Case ID: okla-crim_15/html/0208-01.html
Source: Caselaw Access Project
Author: {"author": "PER CURIAM.", "license": "Public Domain", "url": "https://static.case.law/"}
Date Created: 2024-08-24T03:29:51.129683

JOE DUCA v. STATE.
    No. A-3067.
    Opinion Filed November 23, 1918.
    (175 Pac. 943.)
    APPEAL AND ERROR — insufficiency of Evidence — Reversal. Where there was no proof of the corpus delicti in a prosecution for unlawful possession of intoxicating liquor, and conviction could only be surmised as resulting from passion or prejudice, and consideration of incompetent and hearsay testimony, improperly admitted, judgment will be reversed, with direction to dismiss prosecution.
    
      Appeal from. County Court, Pittsburg County; S. F. Brown, Judge.
    
    Joe Duca was convicted in the county court of Pitts-burg county of the crime of unlawful possession of intoxicating liquors, and he appeals.
    Reversed, with directions to dismiss prosecution.
    
      W. N. Redwine, for plaintiff in error.
    
      S. P. Freeling, Atty. Gen., and R. McMillan, Asst. Atty. Gen., for the State. ■
   PER CURIAM.

This is an appeal from the county court of Pittsburg county, wherein the defendant, Joe Duca, was convicted.of the unlawful possession of intoxicating liquors, and sentenced to pay a fine of $100 and serve 60 days in jail.

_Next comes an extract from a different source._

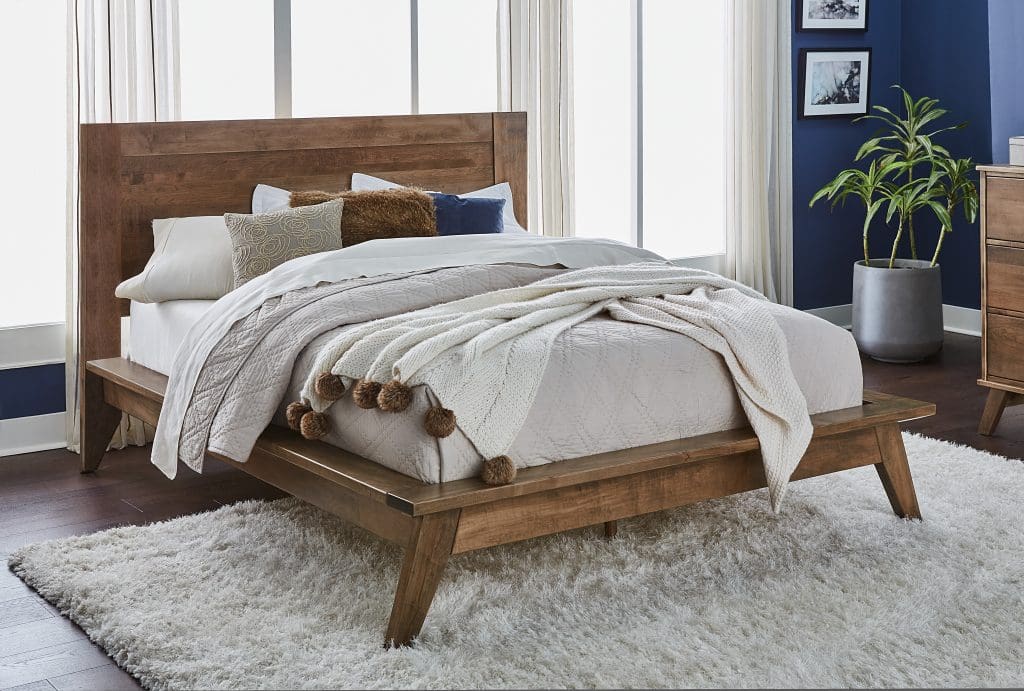 Brown hardwood contemporary style bed with white bedding inside a bedroom with navy blue walls, white curtains, and a large white shag rug.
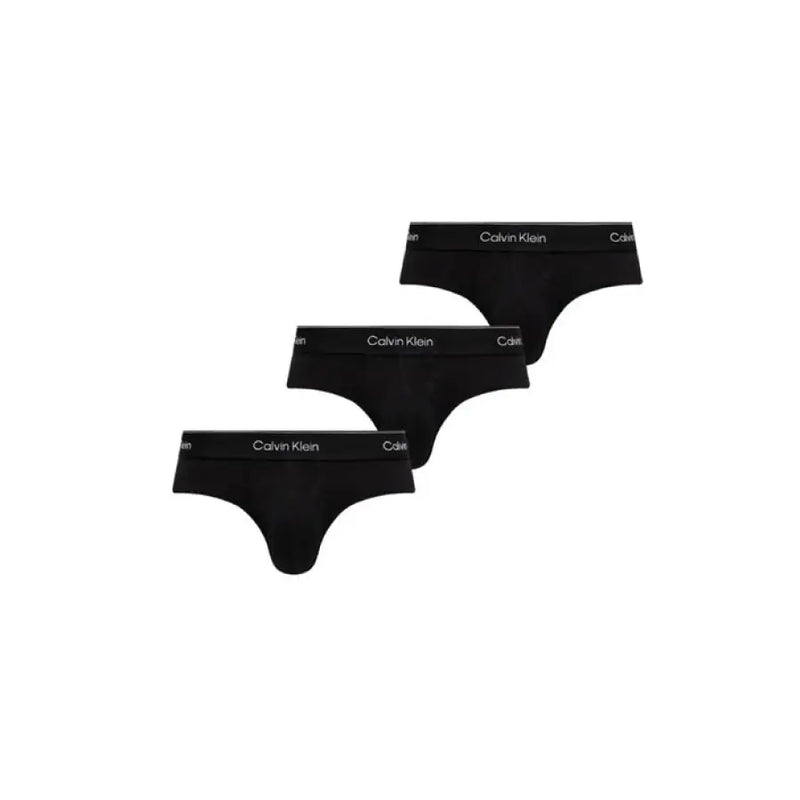 Three black Calvin Klein thongs from the Calvin Klein Thong and Brief Collection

Numerous assignments of error are relied upon to reverse this judgment, but it is only necessary to consider one, viz., that the court erred in refusing the defendant’s motion to direct the jury to return a verdict of not guilty, because there was no evidence to support the allegations of the information.

The motion to direct the verdict in this case should have been sustained. An examination of the transcript of the evidence discloses that there is not a scintilla of competent evidence to prove that the defendant at any time had possession of intoxicating liquors with intent to sell the same. It is impossible to conceive how a jury could have arrived at a verdict of guilty in this case. It may be surmised, however, that the verdict was the result of passion and prejudice, coupled with the consideration of incompetent and hearsay testimony, improperly admitted over the objection and exception of the defendant.

There is an entire absence of proof of the corpus delicti. The judgment is reversed, with directions to dismiss the prosecution.